**PROBLEM:** In the entries below, find the line with "Chess Checkmate Vintage Strategy T-Shirt" and the line with "Chalet Gulas - La". Return those two lines and all lines between them, exactly.

INFORMATION START

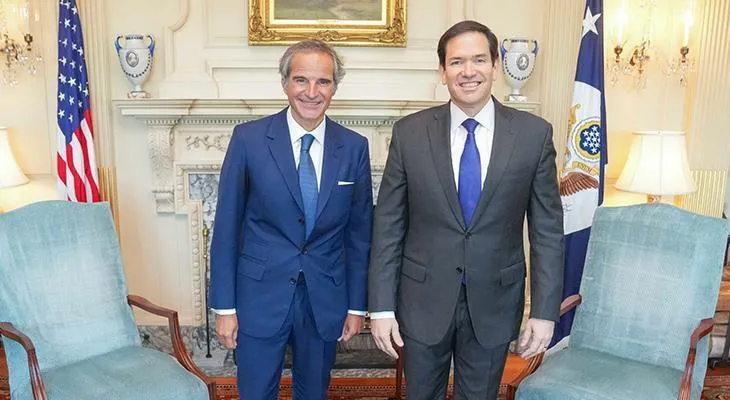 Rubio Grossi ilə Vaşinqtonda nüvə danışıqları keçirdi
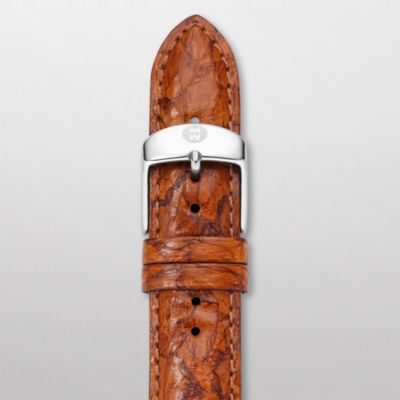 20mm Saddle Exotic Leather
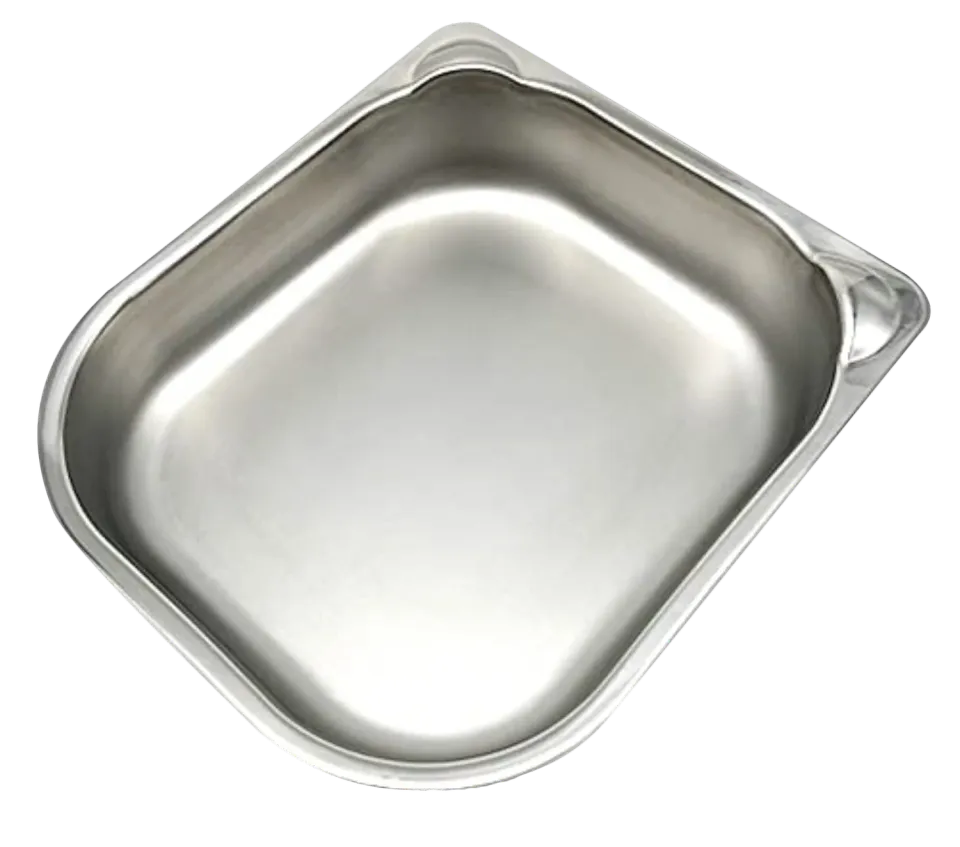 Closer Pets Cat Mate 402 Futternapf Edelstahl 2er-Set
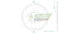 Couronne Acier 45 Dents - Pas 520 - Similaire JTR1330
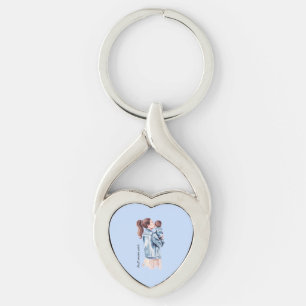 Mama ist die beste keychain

INFORMATION END
INFORMATION START

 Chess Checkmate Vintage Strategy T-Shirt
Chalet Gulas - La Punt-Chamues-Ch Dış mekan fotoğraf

INFORMATION END

**ANSWER SECTION:**
 Chess Checkmate Vintage Strategy T-Shirt
Chalet Gulas - La Punt-Chamues-Ch Dış mekan fotoğraf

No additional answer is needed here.